> EXERCISE AIM
For the entries below, print exactly the lines between the line holding "Elegant Sketch Horse" and the line holding "vidaXL Lit ottoman", inclusive, and nothing else.

> LISTED ENTRIES
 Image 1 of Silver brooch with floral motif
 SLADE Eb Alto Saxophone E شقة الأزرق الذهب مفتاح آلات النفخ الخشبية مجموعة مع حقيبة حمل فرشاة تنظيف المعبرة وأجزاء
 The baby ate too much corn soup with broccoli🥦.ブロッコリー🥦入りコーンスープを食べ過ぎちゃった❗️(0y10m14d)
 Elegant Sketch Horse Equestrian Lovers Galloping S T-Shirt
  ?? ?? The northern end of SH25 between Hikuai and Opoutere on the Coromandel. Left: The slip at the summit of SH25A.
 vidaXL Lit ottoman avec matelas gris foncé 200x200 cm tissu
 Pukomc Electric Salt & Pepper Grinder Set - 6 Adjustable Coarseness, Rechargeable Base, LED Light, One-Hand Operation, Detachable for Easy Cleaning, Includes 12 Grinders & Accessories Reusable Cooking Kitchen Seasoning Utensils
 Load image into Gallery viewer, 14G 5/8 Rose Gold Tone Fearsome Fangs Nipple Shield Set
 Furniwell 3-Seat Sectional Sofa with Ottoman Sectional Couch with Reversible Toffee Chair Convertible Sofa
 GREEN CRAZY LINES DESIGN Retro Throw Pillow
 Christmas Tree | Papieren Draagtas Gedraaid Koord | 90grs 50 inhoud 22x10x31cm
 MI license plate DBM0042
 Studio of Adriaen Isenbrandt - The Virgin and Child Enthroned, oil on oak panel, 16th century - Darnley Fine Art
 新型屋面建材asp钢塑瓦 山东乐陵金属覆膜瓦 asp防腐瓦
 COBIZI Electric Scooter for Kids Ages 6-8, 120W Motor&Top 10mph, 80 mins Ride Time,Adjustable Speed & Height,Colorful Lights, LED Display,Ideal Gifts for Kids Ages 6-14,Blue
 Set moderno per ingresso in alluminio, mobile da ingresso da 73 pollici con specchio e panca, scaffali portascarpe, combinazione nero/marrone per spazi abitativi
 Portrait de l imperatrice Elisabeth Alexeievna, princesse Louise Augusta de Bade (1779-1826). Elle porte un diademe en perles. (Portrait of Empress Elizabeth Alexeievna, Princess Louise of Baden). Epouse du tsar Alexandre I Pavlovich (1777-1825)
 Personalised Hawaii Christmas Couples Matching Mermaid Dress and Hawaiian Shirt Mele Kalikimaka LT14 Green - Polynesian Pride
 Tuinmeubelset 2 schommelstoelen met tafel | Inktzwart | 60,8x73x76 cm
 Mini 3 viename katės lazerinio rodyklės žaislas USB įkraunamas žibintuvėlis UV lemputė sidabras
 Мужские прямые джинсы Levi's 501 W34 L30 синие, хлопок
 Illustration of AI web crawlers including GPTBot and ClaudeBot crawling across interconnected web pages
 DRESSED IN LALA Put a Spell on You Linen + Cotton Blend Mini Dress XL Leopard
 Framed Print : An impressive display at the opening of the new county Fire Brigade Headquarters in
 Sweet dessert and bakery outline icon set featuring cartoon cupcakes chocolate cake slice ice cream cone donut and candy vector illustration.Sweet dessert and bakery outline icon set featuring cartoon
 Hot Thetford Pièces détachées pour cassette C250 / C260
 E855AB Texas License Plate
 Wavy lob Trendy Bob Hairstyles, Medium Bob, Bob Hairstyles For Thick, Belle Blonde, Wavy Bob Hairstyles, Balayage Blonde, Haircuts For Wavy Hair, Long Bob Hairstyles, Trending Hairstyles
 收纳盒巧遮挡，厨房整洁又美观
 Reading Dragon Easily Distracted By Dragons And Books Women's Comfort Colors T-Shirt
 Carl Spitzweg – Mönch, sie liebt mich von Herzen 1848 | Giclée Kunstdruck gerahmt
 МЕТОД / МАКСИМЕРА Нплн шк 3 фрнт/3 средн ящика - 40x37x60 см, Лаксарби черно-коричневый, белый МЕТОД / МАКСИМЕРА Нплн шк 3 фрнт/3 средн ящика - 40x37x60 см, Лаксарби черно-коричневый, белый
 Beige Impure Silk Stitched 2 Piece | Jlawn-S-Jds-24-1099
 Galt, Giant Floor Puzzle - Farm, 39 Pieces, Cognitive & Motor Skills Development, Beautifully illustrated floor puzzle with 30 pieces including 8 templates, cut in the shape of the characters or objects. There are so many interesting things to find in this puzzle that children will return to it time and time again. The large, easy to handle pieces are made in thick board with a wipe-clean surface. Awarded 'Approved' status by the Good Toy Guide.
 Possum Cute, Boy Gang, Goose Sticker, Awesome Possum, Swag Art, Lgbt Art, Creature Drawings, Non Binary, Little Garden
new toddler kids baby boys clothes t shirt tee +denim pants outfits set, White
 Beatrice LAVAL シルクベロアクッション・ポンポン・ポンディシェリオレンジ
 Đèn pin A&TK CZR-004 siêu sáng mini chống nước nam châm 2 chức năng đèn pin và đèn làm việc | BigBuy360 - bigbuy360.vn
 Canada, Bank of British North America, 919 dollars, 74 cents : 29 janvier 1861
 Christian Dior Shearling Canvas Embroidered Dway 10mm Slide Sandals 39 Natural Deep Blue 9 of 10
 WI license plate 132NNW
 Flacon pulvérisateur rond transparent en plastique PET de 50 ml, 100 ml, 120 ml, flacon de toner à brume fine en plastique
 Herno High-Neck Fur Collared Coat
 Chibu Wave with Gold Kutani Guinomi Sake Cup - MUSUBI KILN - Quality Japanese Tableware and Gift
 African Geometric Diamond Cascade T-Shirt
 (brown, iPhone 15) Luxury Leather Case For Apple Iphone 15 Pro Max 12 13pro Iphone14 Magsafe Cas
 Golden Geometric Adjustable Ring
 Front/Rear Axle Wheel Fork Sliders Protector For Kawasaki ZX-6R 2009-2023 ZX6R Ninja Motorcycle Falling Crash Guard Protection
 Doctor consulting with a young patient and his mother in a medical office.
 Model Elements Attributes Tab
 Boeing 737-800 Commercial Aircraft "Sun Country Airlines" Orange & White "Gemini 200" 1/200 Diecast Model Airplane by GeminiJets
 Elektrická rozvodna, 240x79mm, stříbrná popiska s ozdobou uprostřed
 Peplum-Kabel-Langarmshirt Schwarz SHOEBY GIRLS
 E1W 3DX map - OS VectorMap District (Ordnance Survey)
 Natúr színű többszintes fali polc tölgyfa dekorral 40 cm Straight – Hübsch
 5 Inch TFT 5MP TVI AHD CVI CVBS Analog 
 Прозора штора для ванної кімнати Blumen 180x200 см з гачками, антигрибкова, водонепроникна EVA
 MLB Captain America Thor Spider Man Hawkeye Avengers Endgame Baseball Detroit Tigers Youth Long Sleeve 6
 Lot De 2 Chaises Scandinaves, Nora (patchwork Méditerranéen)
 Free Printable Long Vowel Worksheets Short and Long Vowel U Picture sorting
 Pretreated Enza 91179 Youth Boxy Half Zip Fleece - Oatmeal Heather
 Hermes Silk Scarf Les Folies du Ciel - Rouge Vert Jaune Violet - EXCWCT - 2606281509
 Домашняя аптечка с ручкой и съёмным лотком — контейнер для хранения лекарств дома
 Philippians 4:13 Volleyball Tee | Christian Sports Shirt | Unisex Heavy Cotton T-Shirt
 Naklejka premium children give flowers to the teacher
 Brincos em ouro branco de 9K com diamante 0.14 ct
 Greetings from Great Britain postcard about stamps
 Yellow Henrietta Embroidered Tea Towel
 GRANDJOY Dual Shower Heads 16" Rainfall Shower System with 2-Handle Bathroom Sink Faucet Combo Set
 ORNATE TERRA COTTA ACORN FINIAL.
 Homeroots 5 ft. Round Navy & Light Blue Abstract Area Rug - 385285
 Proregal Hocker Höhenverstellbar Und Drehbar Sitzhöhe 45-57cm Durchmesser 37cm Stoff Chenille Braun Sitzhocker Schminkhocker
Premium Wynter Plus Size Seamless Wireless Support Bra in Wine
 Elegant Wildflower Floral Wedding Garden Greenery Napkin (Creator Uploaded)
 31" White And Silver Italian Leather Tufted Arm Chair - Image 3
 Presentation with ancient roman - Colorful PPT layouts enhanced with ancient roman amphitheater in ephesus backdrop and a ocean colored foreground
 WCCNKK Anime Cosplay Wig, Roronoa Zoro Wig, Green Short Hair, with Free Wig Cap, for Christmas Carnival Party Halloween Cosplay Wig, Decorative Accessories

> RESULT OF THIS TASK
 Elegant Sketch Horse Equestrian Lovers Galloping S T-Shirt
  ?? ?? The northern end of SH25 between Hikuai and Opoutere on the Coromandel. Left: The slip at the summit of SH25A.
 vidaXL Lit ottoman avec matelas gris foncé 200x200 cm tissu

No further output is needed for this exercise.